Equally shameful is the authors' treatment of homology. They pretend that the Tasmanian wolf, a marsupial, would be placed with the placental wolf if evolutionists weren't so hung up on the single character of their reproductive mode by which marsupials and placentals are traditionally separated. This is a complete falsehood, as anyone with access to the evidence knows. It is not a matter of a single reproductive character, but dozens of characters in the skull, teeth, post-cranial bones (including the marsupial pelvic bones), soft anatomy, and biochemistry, to say nothing of their respective fossil records, that separate the two mammals. About the closest similarity they have going for them is that they are both called "wolf" in English. The same criticism can be applied seriatim to the authors' mystifying discussion of the red and giant "pandas."

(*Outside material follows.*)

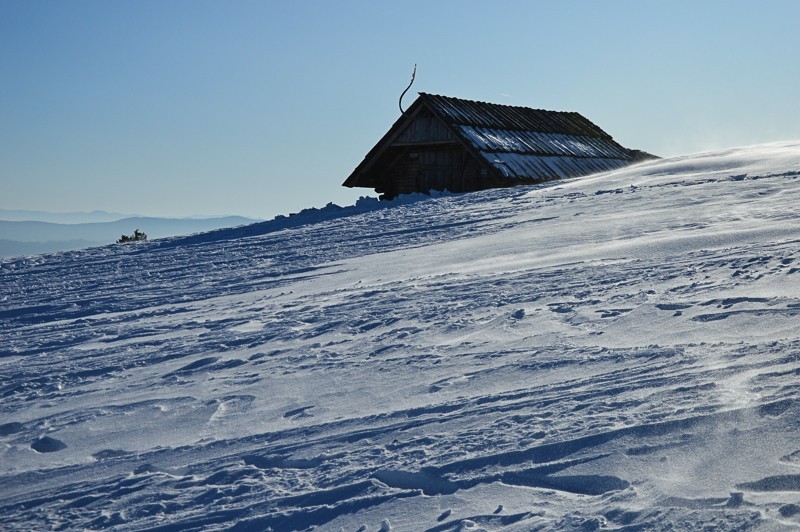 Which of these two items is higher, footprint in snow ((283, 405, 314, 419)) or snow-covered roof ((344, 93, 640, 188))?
snow-covered roof ((344, 93, 640, 188))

Finally, there is a warped chapter of biochemistry taken wholesale from that compendium of misinformation, Michael Denton's Evolution: A Theory in Crisis. The authors pretend that there is a "ladder of life," and organisms that have apparently diverged early on from this sequence are somehow frozen in time, retaining "primitive" as opposed to "advanced" features. Hence, in their view of evolution, because "fish" are supposed to have evolved into "amphibians," fishes should have cytochromes most similar to those of amphibians. Instead, all the tetrapod are equally distant from the fish. Of course, this is exactly what is to be expected from evolution, because the ancestors of the living fish tested diverged from those of the tetrapod, and their cytochrome evolved as those of the tetrapod were evolving along separate pathways. This is why the fish is equidistant from the tetrapod. This is also why the bacterium Rhodospirillum is equidistant from all the vertebrates, invertebrates, plants, and yeast tested. Not to present the standard, internally and independently consistent evolutionary explanation of these results is inexcusable and incompetent. The following page presents the same misinformation, pretending that the consistent number of differences between the cytochrome c of the carp and of the bullfrog (13), turtle (13), chicken (14), rabbit (13), and horse (13) implies that they all might have equally well diverged independently from the carp, rather than the carp having diverged independently from the tetrapod 500 million years ago.

Of Pandas and People is a tract on hard-shell fundamentalist creationism in disguise. This underlying theme never speaks its name in this tract, but it is there nonetheless. It is hard to say what is worst in this book: the misconceptions of its sub-text, the intolerance for honest science, or the incompetence with which science is presented. In any case, teachers should be warned against using this book.